A film from another era, located on the threshold of digital technology and its infinite plasticity, Total Recall (1990) – adapted from Memories for Sale, a science fiction short story by Philip K. Dick published in 1966 – is not. least one of the first fantasy films to situate its action on concomitantly divergent levels of reality.
Seduced by the duality of the story – which can be read from start to finish in two different ways – the Dutch director Paul Verhoeven (RoboCop, 1987) exacerbates both the violence and the political significance.
Arnold Schwarzenegger plays, in an undetermined future where humanity has colonized the Solar System, a worker named Douglas Quaid, who dreams of going to the planet Mars without having the means. For lack of anything better, he resorts to the company Rekall Inc., which offers its clients the opportunity to inseminate them with amazing memories: he agrees to a two-week contract of Martian memory during which he would have been a secret agent on a mission on this planet.
Repeated twists and turns
While Quaid is anesthetized, the protocol is abruptly interrupted when specialists realize that he is a real secret agent, whose memory has been deliberately erased. Awakened without being given a reason, the man will then be constantly chased and confronted with bloody adventures which lead him, in fact, to the Red Planet, where a consortium, fought by the local resistance, shamelessly exploits resources and populations.

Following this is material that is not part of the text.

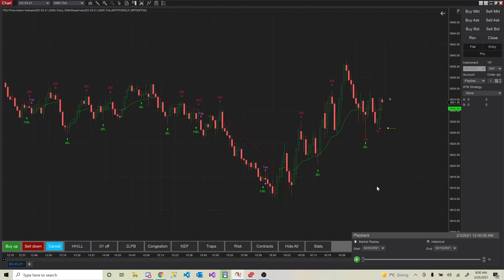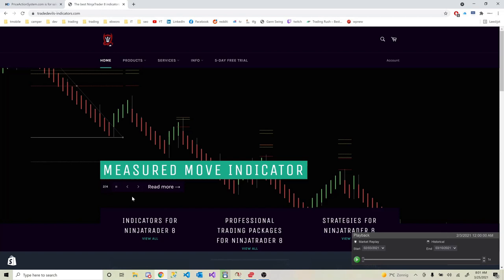Hey guys, welcome back to another video about the PET indicator. It's been a while — the last couple of weeks I was pretty busy coding some other indicators, but I still get a lot of questions about the PET. I'm still trading it myself every day. We are fully committed to making it the best indicator you can find, so if you have ideas or questions, please let us know.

The fascination that arises from this film is due to its Möbius ribbon aspect, ingeniously maintained throughout the plot by repeated twists and turns. Two hypotheses, suggested by the story itself, allow us to understand the plot without one ever taking precedence over the other. The first is that the spectacle we are witnessing is nothing other than the memory program installed by Rekall Inc., in which the interruption of the programming process would precisely be the inaugural point of the implemented sequence. The second is that Douglas Quaid was indeed awakened during the operation, that he is a secret agent named Hauser looking for his memory.
Verhoeven wants this helical plot to be open and operational until the end, the better to indulge in multiple twists to the orthodoxy of the blockbuster. The film is a subtle and corrosive reflection on the mental influence of the Hollywood spectacle, on the consenting alienation that results from it.
Playing on power (Arnold Schwarzenegger) and charm (Sharon Stone, who plays his wife), Total Recall seems to exorcise the synthetic future of images, and possibly of the world, this near moment when nothing and no one will be able to thwart a program that has become indistinguishable. A film for cinephiles, that is to say, for those possessed and smugglers.